Lobo-ibérico (Canis lupus signatus) da Alcateia de Bragança Norte fotografado ao início da noite a sair do local de reprodução.

(continuação do post anterior)

Metodologia

O seguimento das alcateias de Bragança Norte e Bragança Sul efectuou-se através de 3 métodos distintos: realização de percursos pré-definidos com registo de sinais indirectos de presença, armadilhagem fotográfica e estações de escuta.

Durante o ano 2009 foram realizadas 22 deslocações ao território da Alcateia de Bragança Norte e 6 deslocações ao território da Alcateia de Bragança Sul, compreendendo mais de 89 km percorridos a pé em ambas as áreas.

Foram colocadas 14 estações fotográficas distintas (número máximo de câmaras colocadas em simultâneo = 6) correspondendo a um total de 744 dias de amostragem. Realizaram-se 10 estações de escuta.

Os dados obtidos obedeceram ao acordado entre o autor e o Instituto da Conservação da Natureza e Biodiversidade (ICNB) através do ofício 201/2009/DGAC. De forma a perturbar o mínimo possível a espécie, as estações fotográficas foram colocadas a uma distância superior a 100 metros do local de reprodução.

(continua no próximo post)

27 outubro 2010

Seguimento de duas alcateias durante o ano 2009 (1)

Exemplar adulto de Lobo-ibérico (Alcateia de Bragança Norte) fotografado no interior de um pinhal ao início da tarde.


Desde 2006 que elaboro para o Instituto da Conservação da Natureza e Biodiversidade (ICNB) um relatório anual de seguimento de uma Alcateia do Distrito de Bragança (para ler a versão simplificada desses relatórios tecle com o botão direito do rato por cima de cada ano respectivo: 2006, 2007, 2008).

No ano de 2009 o esforço de campo foi consideravelmente superior a anos anteriores, incluindo o grupo familiar de Lobos-ibéricos (Canis lupus signatus) que ocupam o território imediatamente a Sul da alcateia já conhecida.

Doravante os grupos familiares estudados serão referenciados como Alcateia de Bragança Norte e Alcateia de Bragança Sul.


Alcateia de Bragança Norte (2006 - 2008)

Ao longo dos últimos 3 anos a ocupação do território e o sucesso reprodutor da Alcateia de Bragança Norte foi o seguinte:

2006 – reprodução confirmada (através da audição de uivos das crias e adultos) num pequeno afluente da margem esquerda do Rio Sabor, a cerca de 2 quilómetros (km) da povoação mais próxima.

2007 – alcateia detectada contudo não se confirmou a sua reprodução.
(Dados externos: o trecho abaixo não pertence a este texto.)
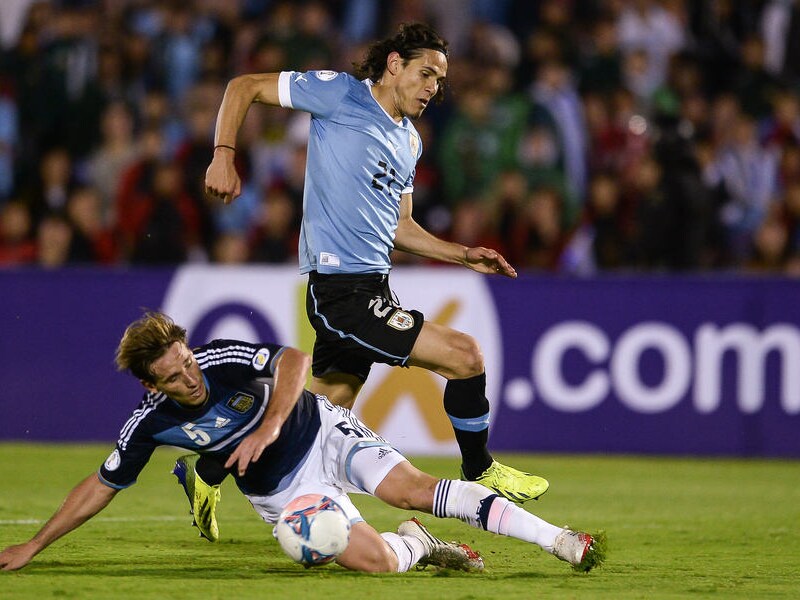 Biglia probeert hier Cavani de doorgang te versperren.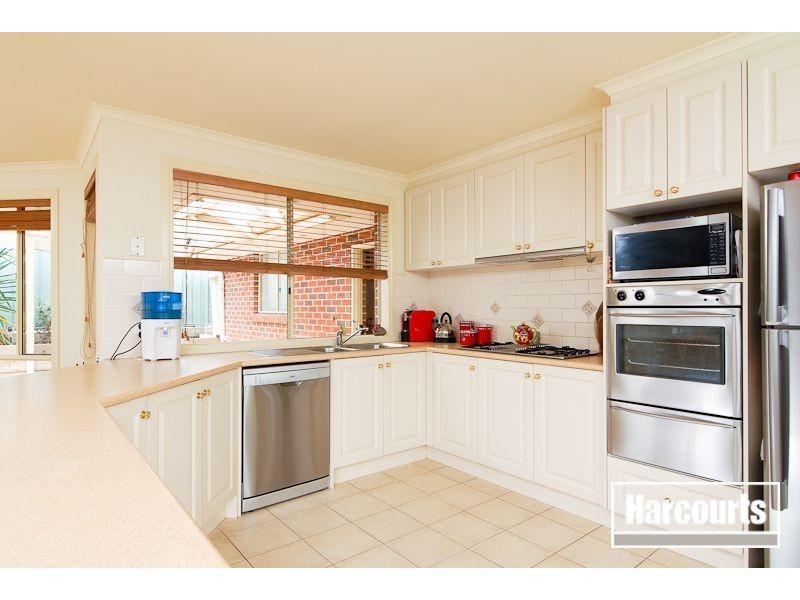 28 Kuranda Crescent, Berwick VIC 3806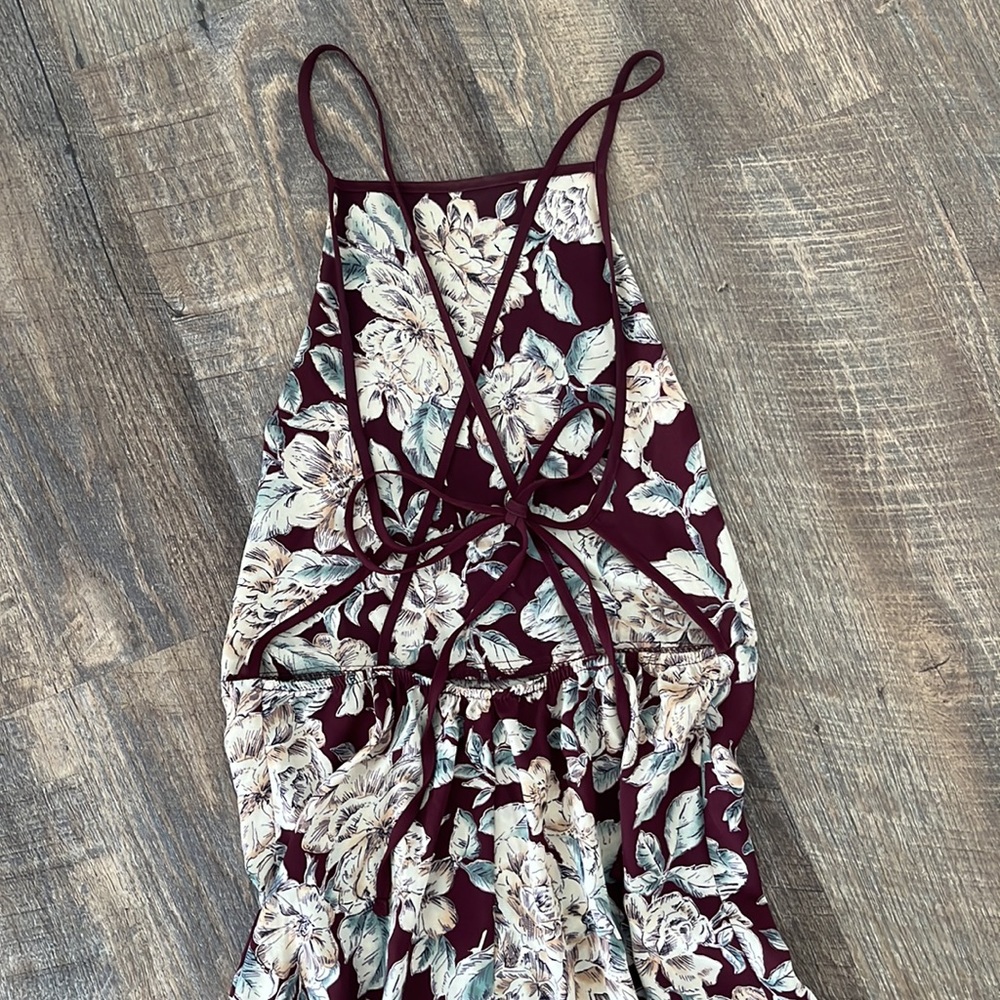Floral Backless Maxi Dress - Picture 3 of 6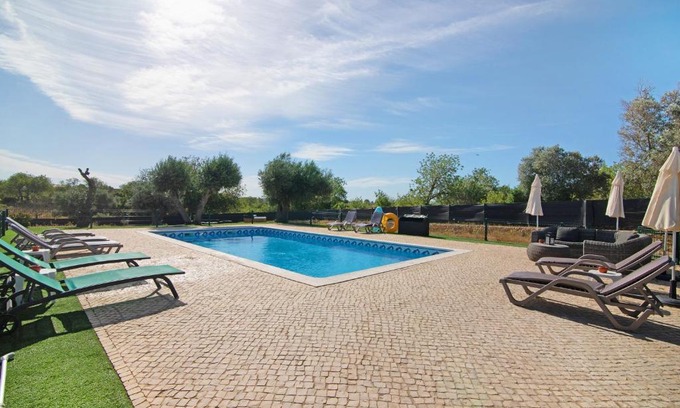 Albufeira House | Relax at Villa Assumadas with Pool and Hot Tub Access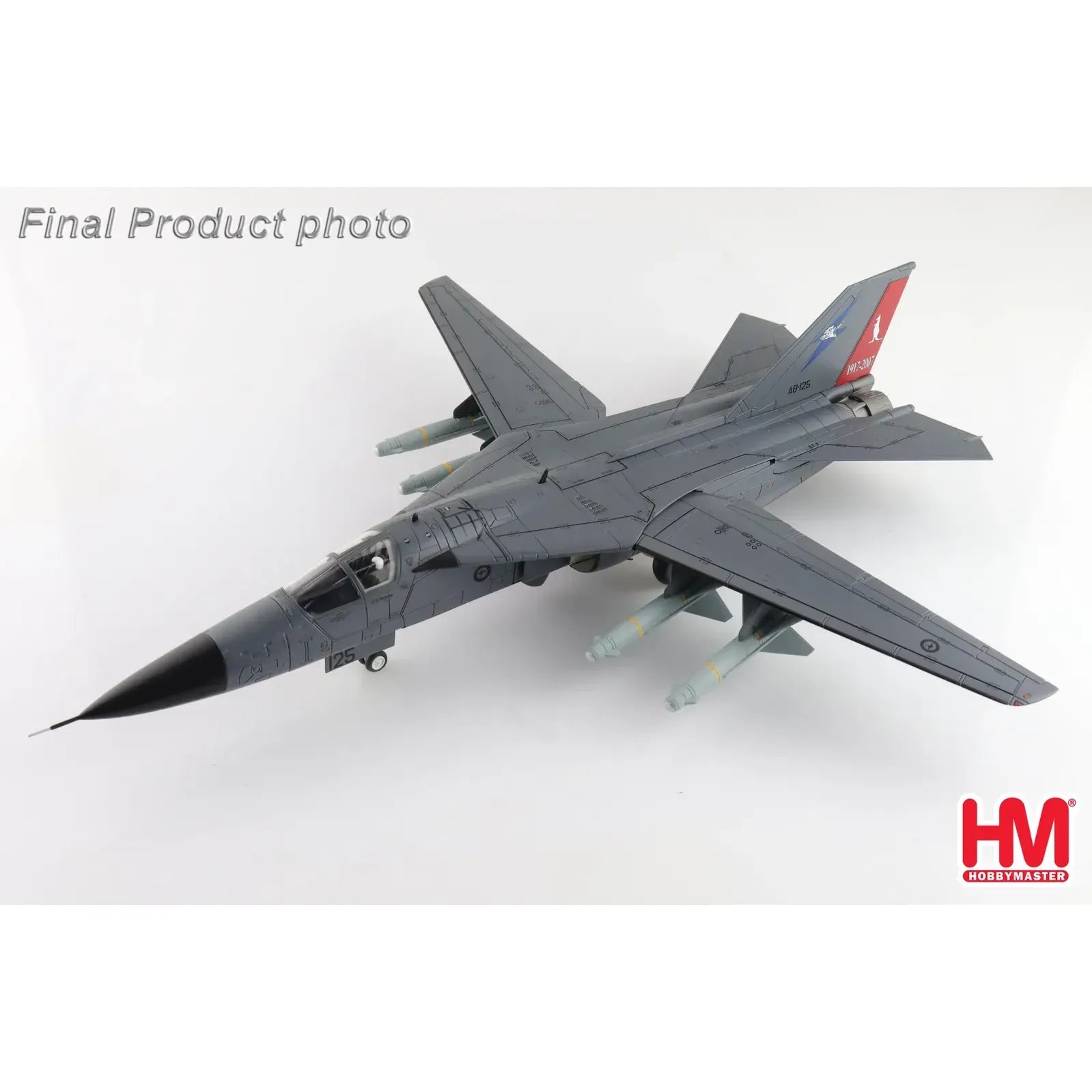 HOBBY MASTER 1/72 F-111C PIG A8-125 RAAF "90th Anniversary of 6 SQN.) 2007 (with 4 x AGM-142)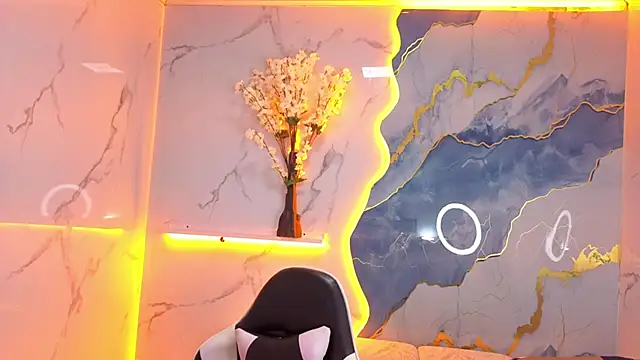 ninadelight tp online show from November 18, 2025, 7:39 pm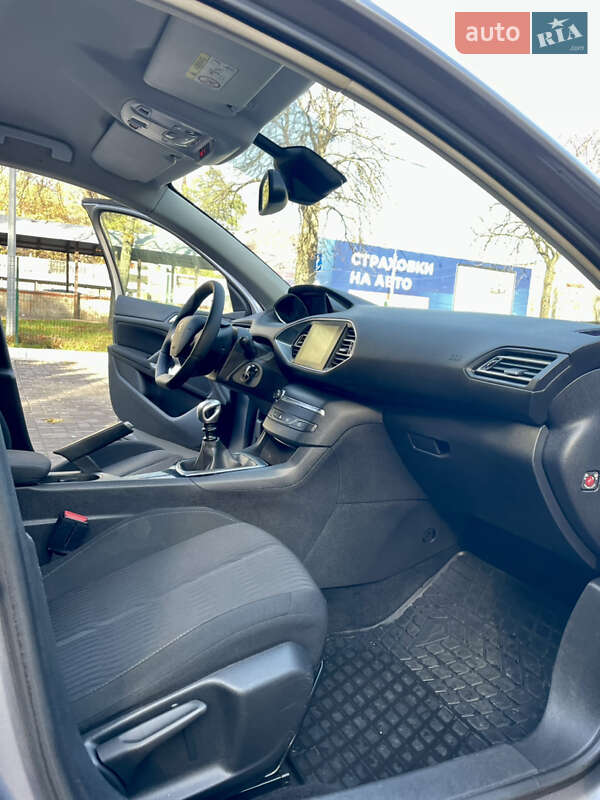 Универсал Peugeot 308 2015 в Киеве фото 24 Универсал Peugeot 308 2015 в Киеве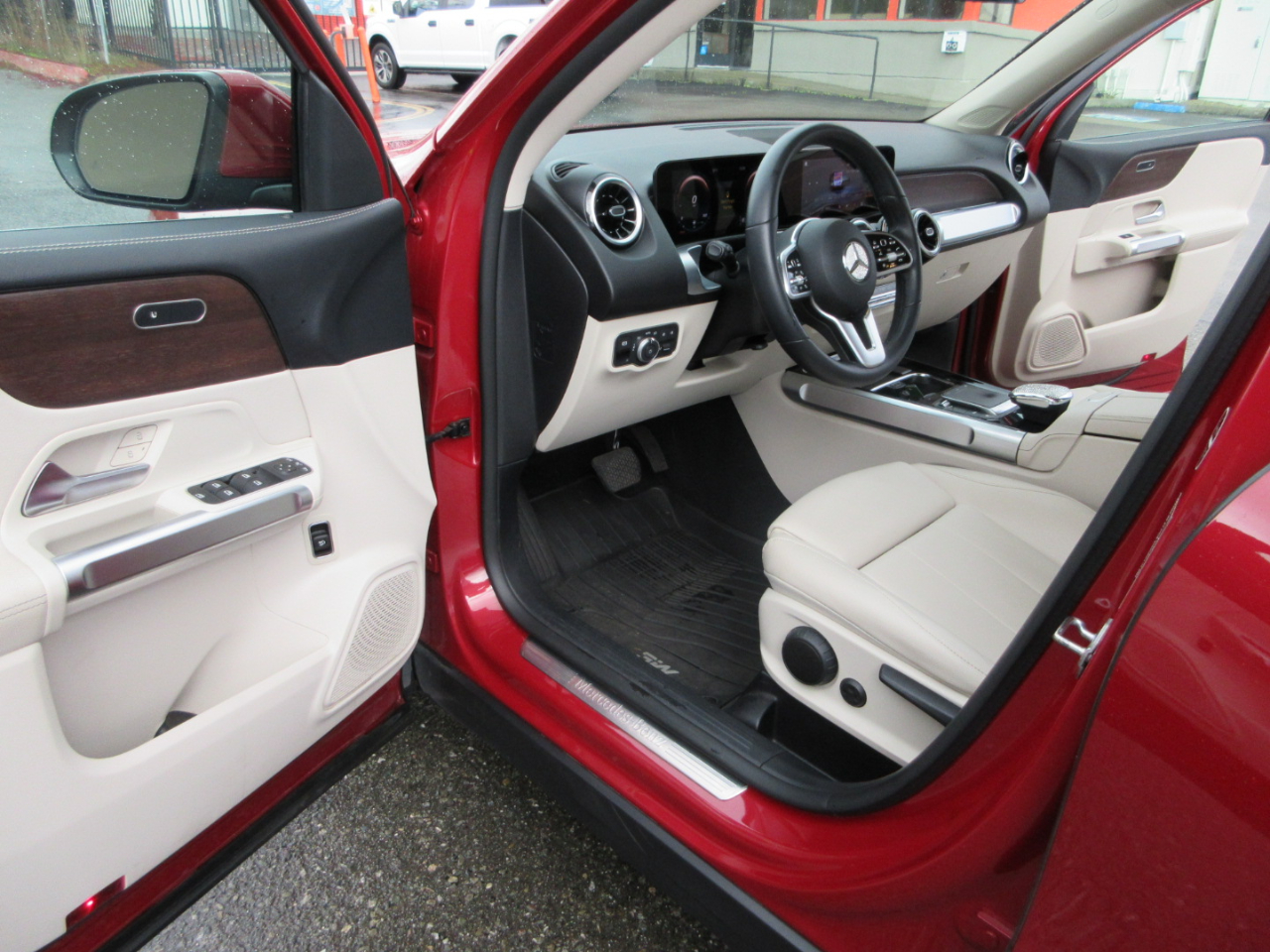 Mercedes-Benz GLB  2022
Refira-se que em Abril desse ano verificou-se um incêndio de proporções consideráveis próximo ao local habitual de cria.

2008 – reprodução confirmada (registos fotográficos das crias e audição de uivos de adultos e crias), novamente num pequeno afluente da margem esquerda do Rio Sabor. O número estimado de crias foi de 3.

(continua no próximo post)

17 outubro 2010

Emergindo da vegetação

Lobo-ibérico (Canis lupus signatus), 2 de Outubro de 2010 às 5h da manhã.

Neste tempo em que nada mais parece interessar para além da economia, é bom determos um pouco a nossa atenção no mundo natural que nos rodeia.
Neste caso trata-se de um Lobo-ibérico (Canis lupus signatus) fotografado em pleno patrulhamento nocturno próximo ao local onde descansa o seu grupo familiar.
Felizmente que, indiferentes à depressão generalizada que se instalou no país, os lobos portugueses continuam a criar.
Desculpem a ausência...

07 agosto 2010

Sardão: o lagarto trepador

Sardão (Lacerta lepida) fotografado no Vale do Rio Pinhão, próximo a Vila Real.

O Sardão (Lacerta lepida) é o maior lagarto português podendo atingir mais de 25 cm de comprimento.  Distribui-se por todo o território nacional preferindo as áreas secas e expostas onde alcança a temperatura corporal ideal que lhe permite manter-se activo (entre os 25 e os 30 graus centígrados). Desta forma ocorre principalmente em bosques abertos, zonas de matos e áreas agrícolas próximo a  zonas pedregosas que lhe servem de refúgio. 
Na sua dieta incluem-se insectos, frutos e vegetais, para além de pequenos mamíferos. Trata-se de uma espécie longeva (vive mais de uma década na Natureza) e que atinge a maturidade sexual tardiamente, apenas ao 3º ou 4º ano de vida.
Após a hibernação invernal (que se verifica mesmo nos territórios mais a Sul), a Primavera caracteriza-se por um pico de actividade em que se podem verificar lutas violentas entre os machos pela defesa do território e direito à reprodução. 
Se num próximo passeio pelo campo lhe parecer ter observado um lagarto a subir a uma árvore, não se trata de uma alucinação causada pelo calor do Verão: o sardão, rei dos lagartos ibéricos, consegue mesmo fazê-lo! 

18 julho 2010

O poiso certo




Picanço-barreteiro (Lanius senator) no seu poiso favorito com o almoço entre as garras.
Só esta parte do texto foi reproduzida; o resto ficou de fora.